### DATASET CONTENT
════════════════

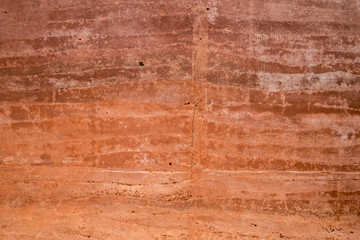 Patterned red concrete wall background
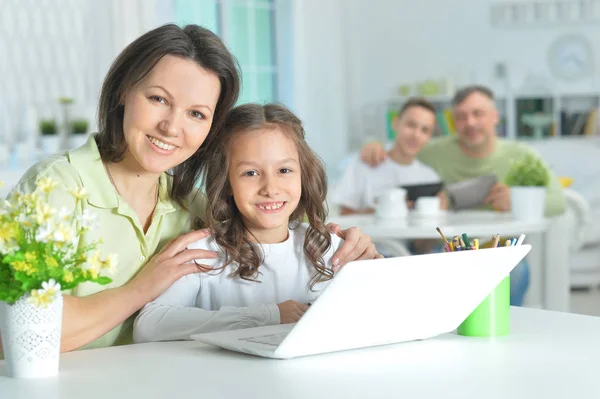 Linda Niña Madre Sentadas Mesa Usando Portátil Moderno —  Fotos de Stock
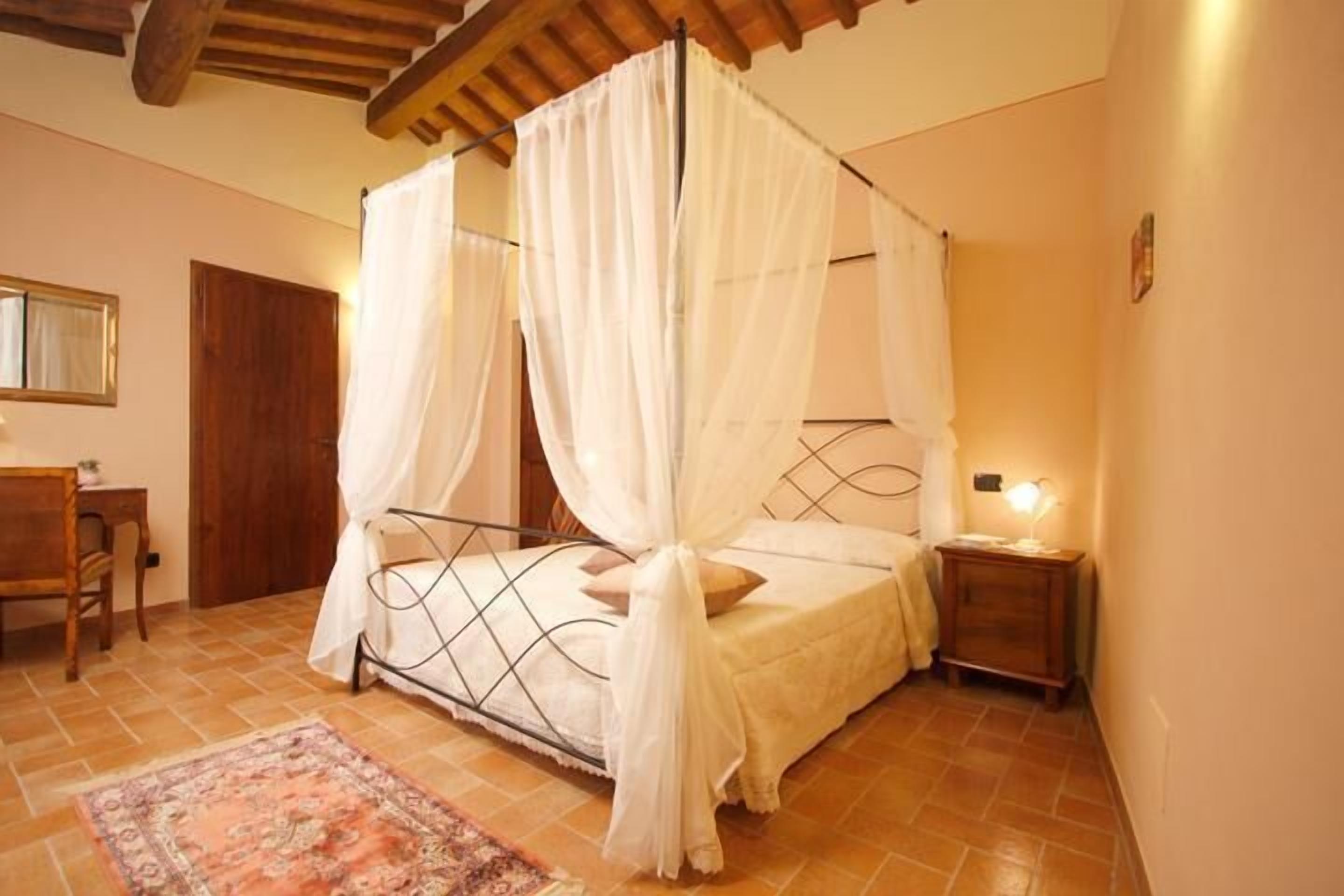 A bedroom with a four-poster bed, a wooden desk, a chair, and a nightstand with a lamp.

════════════════

### REQUIRED WORK
Exact repetition of the material above is required, with the images removed.

### OUTPUT
 Patterned red concrete wall background
 Linda Niña Madre Sentadas Mesa Usando Portátil Moderno —  Fotos de Stock
 A bedroom with a four-poster bed, a wooden desk, a chair, and a nightstand with a lamp.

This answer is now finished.